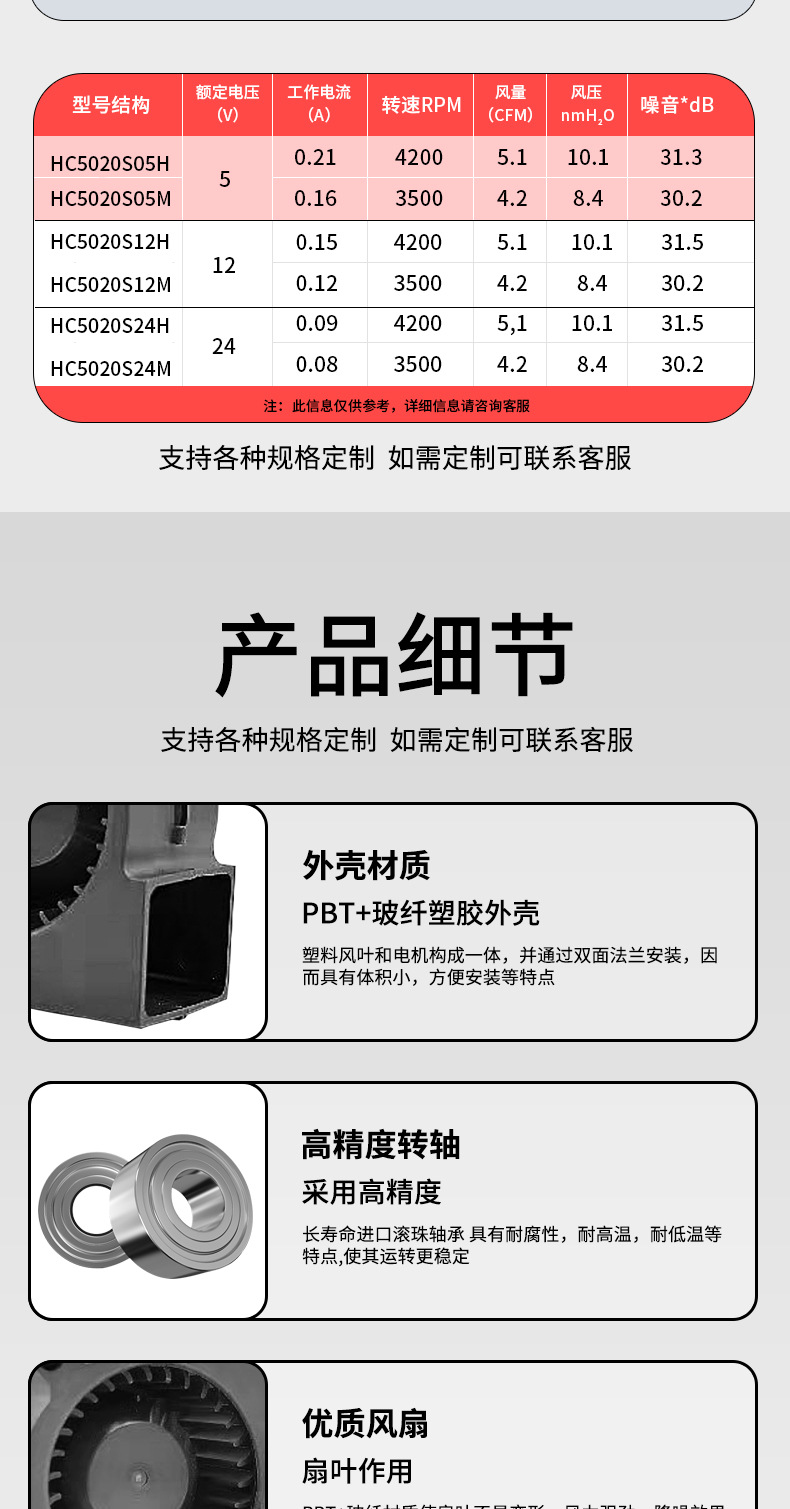 DC5020双滚珠鼓风机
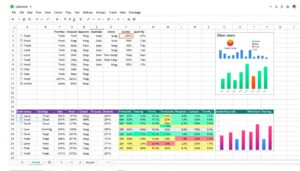 Datenbank Excel Vorlage hier kostenlos downloaden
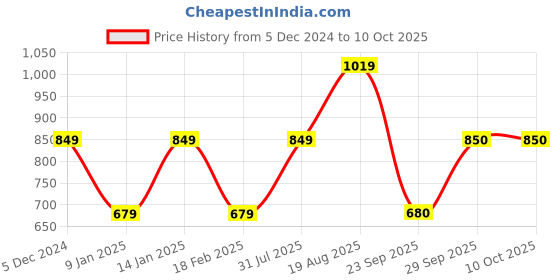 tatacliq.com Van Heusen Multicolor Color Blocked Sweatshirt van heusen Price History Graph from 5 Dec 2024 to 10 Oct 2025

****************************************

▶ [WORK TO BE COMPLETED] What you give back must match the material above exactly, minus its pictures.

▶ [ANSWER TO THIS TASK]
 DC5020双滚珠鼓风机
 Datenbank Excel Vorlage hier kostenlos downloaden
 tatacliq.com Van Heusen Multicolor Color Blocked Sweatshirt van heusen Price History Graph from 5 Dec 2024 to 10 Oct 2025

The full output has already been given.